Since seizing the airport in Baghdad on Saturday, U.S. forces have been moving swiftly to take control of Iraqi leader Saddam Hussein's palaces in the capital. VOA Correspondent Alisha Ryu was with the 1st Brigade of the U.S. Army's 3rd Infantry Division on Monday when it seized a palace complex near the airport.
We learned about the mission to seize the palace at a briefing early Monday at the 2nd Brigade's temporary headquarters inside the newly renamed Baghdad International Airport. Straining to be heard over the sound of artillery fire booming across the city, the commander of 1st Brigade's 3rd Battalion, 69th Regiment, Lieutenant Colonel Rock Marcone, explains the plan.
"Then we will run in with my infantry team. We will move in the objective area, which is Saddam Hussein's palace here and we will clear it with an engineer squad and a demo [demolition] team and an EOD [Explosive Ordnance Disposal] team," Lieutenant Marcone said.
The palace is one of 18 lavish compounds in Iraq built for Saddam's personal use. A satellite photo, on display next to Lieutenant Colonel Marcone, reveals it is surrounded by a wide moat on all sides and flanked by several other buildings and barracks. It is a sprawling complex, extending more than one square kilometer.
Shortly after the briefing, 30 M-1 Abrams tanks, 28 Bradley fighting vehicles, and a dozen gun-mounted HumVees file into formation and begin to move out. The commander of the 1st Brigade, Colonel Will Grimsley, said the unit will need to attack with maximum firepower.

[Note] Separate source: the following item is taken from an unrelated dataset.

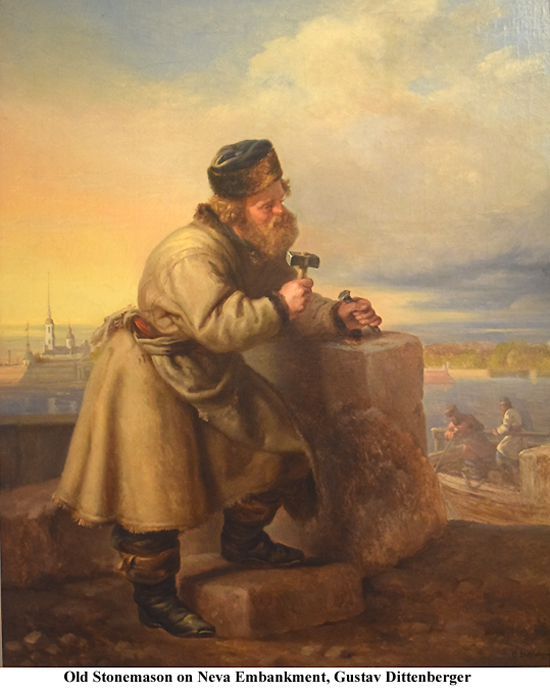 Old Stonemason, Hans Gustav Dittenberger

"I would rather come in with overwhelming force, secure the outer cordon to protect from any kind of incursion that might try to come in and get the inner cordon and do the search that way," Colonel Grimsley said. "As the lead tank in the convoy nears the entrance of the palace grounds, explosions ring out. "They could be in contact."
Colonel Grimsley relays a message he has received from battalion commander Marcone. "Just engaged and killed a sniper team, we think. So, I have got infantrymen up there clearing it. They will check out who they are, see who they are by uniform," he said.
Two snipers had been guarding the pathway to the palace entrance. Their dead bodies lie inside a guard tower. Another guard is captured. The prisoner tells U.S. soldiers that four others fled shortly before the Americans arrived.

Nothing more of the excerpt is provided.